There’s an ongoing debate right now about having a government-run public health insurance option that would operate alongside the private health insurance industry. Howard Dean was here in Colorado last week, as part of his tour of the country to drum up support for this option. He has said that any health care reform that doesn’t involve a public option isn’t worth implementing. He’s pointed out that seniors age 65 and older already have a public option, and that the rest of us should too.
First of all, I think any reform would be better than none at all. There is no way that whatever happens with health care will please everyone. But that doesn’t mean that we shouldn’t try. Any strategies that decrease costs and increase realistic access to health care would be an improvement.

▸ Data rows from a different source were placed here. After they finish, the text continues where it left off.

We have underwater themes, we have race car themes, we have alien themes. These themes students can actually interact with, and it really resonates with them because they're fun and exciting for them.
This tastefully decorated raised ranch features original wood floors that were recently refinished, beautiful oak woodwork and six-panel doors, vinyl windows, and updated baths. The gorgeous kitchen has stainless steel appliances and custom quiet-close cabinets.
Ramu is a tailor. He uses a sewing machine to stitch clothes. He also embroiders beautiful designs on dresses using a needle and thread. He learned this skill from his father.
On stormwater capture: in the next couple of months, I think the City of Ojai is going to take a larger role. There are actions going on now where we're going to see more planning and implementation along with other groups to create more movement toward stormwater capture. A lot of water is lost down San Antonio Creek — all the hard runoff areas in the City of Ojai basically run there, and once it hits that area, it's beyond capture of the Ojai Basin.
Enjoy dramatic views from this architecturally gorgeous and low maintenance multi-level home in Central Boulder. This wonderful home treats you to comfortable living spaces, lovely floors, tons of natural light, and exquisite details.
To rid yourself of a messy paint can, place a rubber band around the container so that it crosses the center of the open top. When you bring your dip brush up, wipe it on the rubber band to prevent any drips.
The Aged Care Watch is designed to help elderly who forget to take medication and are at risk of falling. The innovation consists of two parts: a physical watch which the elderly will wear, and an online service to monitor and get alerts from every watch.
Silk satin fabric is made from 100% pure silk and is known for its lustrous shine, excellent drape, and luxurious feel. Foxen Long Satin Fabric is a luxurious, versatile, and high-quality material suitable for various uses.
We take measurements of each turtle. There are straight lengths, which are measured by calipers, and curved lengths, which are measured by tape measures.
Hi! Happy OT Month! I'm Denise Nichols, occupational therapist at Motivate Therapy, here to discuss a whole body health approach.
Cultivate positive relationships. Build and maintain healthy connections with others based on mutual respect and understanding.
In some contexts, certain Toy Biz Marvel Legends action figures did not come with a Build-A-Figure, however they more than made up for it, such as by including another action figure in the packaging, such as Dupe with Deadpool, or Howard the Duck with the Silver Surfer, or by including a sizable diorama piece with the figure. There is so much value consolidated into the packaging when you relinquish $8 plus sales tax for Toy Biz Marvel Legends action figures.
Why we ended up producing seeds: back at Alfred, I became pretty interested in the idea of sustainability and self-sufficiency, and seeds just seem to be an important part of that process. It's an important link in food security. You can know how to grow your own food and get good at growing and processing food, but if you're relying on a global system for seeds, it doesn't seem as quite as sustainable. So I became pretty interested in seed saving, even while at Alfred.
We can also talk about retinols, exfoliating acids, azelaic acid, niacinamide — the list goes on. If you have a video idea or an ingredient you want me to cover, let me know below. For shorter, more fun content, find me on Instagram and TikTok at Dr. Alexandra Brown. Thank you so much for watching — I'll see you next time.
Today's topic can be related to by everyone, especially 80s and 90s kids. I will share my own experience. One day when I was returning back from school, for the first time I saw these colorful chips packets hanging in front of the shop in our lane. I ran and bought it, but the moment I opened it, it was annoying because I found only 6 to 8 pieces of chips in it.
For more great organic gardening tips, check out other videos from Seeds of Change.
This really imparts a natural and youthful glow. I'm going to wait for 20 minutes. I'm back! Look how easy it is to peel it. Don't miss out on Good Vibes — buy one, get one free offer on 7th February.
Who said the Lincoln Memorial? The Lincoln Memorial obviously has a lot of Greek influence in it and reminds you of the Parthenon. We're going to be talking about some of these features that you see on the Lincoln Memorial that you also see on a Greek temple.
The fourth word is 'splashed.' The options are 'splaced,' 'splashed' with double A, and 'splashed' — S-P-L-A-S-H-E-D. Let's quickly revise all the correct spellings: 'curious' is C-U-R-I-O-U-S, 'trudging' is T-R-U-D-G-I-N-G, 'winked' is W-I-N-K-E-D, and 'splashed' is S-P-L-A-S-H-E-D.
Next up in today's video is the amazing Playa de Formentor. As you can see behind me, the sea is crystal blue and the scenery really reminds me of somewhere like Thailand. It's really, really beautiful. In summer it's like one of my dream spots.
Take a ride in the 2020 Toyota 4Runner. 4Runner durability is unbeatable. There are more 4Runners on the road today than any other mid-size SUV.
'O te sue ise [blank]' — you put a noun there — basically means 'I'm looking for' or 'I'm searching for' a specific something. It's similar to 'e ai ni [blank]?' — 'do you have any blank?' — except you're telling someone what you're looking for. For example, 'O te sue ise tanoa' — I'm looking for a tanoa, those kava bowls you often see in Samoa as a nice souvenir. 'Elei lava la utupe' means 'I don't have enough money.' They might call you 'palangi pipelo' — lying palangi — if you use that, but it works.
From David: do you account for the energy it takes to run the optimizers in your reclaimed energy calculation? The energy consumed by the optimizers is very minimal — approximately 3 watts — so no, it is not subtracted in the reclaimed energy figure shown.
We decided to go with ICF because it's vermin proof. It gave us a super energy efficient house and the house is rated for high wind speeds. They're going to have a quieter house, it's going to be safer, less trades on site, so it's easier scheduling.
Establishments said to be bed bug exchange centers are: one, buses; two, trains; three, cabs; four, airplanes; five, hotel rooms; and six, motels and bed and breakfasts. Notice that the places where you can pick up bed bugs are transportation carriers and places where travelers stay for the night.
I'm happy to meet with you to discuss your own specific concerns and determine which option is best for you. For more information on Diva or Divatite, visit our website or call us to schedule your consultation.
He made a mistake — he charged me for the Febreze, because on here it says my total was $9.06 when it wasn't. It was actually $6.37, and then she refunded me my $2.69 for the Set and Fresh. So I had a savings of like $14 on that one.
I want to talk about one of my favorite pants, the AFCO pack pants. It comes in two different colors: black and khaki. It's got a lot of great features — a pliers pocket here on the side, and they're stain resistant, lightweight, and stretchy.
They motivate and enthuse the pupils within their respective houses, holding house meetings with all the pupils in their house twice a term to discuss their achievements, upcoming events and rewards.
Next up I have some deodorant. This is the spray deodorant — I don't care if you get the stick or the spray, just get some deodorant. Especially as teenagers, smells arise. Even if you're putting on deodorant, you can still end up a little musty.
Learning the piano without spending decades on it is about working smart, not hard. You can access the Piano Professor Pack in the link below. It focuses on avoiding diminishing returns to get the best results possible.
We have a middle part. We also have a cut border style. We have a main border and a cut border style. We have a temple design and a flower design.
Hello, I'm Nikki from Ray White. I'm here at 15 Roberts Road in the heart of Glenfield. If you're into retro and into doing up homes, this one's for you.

Then there’s the issue of Medicare. When Dean talks about seniors having a public option, it should be noted that for the vast majority of them, that is the only option. If they are retired and no longer eligible for employer-sponsored health insurance, there aren’t any other choices. Individual health insurance terminates when a member reaches 65, and isn’t available for new applicants who are 65 or older (in Colorado, some carriers won’t accept a new applicant who is nearing Medicare eligibility, even if they are still younger than 65). So we can’t really look at the Medicare population as an example of how the system would work if we had both a public and private health insurance option for all Americans.
If a public health insurance option were to become available, we don’t know yet how much it would cost in monthly premiums, or what percentage of Americans would make the switch to the public option. Part of the success of a system like Medicare has to be attributed to the fact that nearly the entire population over age 65 is enrolled (and thus costs are spread across large numbers of both sick and healthy people). With a public option for younger Americans operating along side private health insurance, would a disproportionate number of sick people join the public system? Or perhaps more healthy people would switch to the public option? Would the premiums increase substantially over the first few years as the new system tried to balance costs? Would people be able to switch back and forth between the public and private systems? A lot remains to be seen. I believe that it could work, but I don’t think that Medicare can realistically be used as a model for how it might work.